The Bush administration decided not to participate in the Protocol,
citing concerns about compliance costs and about the fairness of
the distinction the Protocol makes between developed and developing
countries. By September 2003, 100 countries had ratified the Kyoto
Protocol, accounting for 44% of the world’s emissions. The
pact will become international law once it is ratified by 55 countries,
including those responsible for 55 percent of global greenhouse
gas emissions. As of 2000, the U.S. was responsible for nearly a
quarter of global CO2 emissions from fossil
fuel combustion.(4)
One provision of the Kyoto Protocol would allow emissions trading.
Leaders in reducing greenhouse gas emissions could trade with those
finding it more difficult to achieve reductions. If a U.S. program
allowed trading between companies, clean technologies could become
a billion dollar industry.(6) Companies
also might be allowed to invest in carbon sequestration in agricultural
soils and forests or in renewable energy projects to offset their
emissions. Such a program would be modeled after the successful
Clean Air Act market approach to reducing sulfur dioxide in power
plants to combat acid rain. Emissions trading can lower the cost
of emissions reduction when compared to traditional command-and-control
approaches and its role is expected to expand in the U.S.(7)(8)
State Greenhouse Gas Databases that require reporting of greenhouse
gas emissions from sources likely to be regulated in the future
can begin to provide the infrastructure needed to support a cap-and-trade
program for greenhouse gases.
Even those who are skeptical about emissions trading can embrace
reporting as a way to motivate emissions reductions. In addition
to being cost-effective, State Greenhouse Gas Databases will enable
companies to begin GHG reductions today. It will give them a clear
picture of their contribution to the problem, and allow them time
to look at the most cost-effective ways to improve efficiency and
reduce emissions prior to any regulatory scheme.

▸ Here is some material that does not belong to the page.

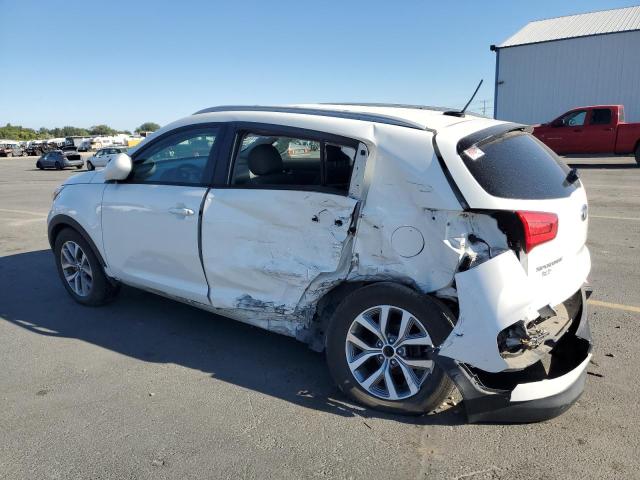 2016 KIA SPORTAGE LX KNDPB3AC7G7826347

Several U.S. states have taken the initiative to establish greenhouse
gas inventories and registries. These include mandatory reporting
requirements to report direct emissions from stationary sources
and voluntary programs for company-wide reporting of emissions,
including indirect emissions associated with electricity use.
In addition, several states have established programs to keep track
of emissions reductions. However, tracking reductions can be very
complex and should be standardized across states in order to be
useful to businesses and in the fight against climate change. Because
of this, the package presented by the State Environmental Resource
Center (SERC) does not encourage states to develop their own programs
to track emissions reductions; instead, SERC encourages states to
be leaders by establishing mandatory GHG reporting guidelines for
major emitters.
A comprehensive, mandatory emissions reporting scheme is essential
to identifying the possibilities in future cap-and-trade schemes
and for states and businesses to identify the best way they can
help combat climate change. SERC encourages states to begin enforcing
mandatory reporting guidelines today. States interested in a voluntary
emissions registry should contact the California Climate Action
Registry, currently the nation’s most standardized registry,
to explore opportunities for collaboration rather than attempting
to start a new registry on their own.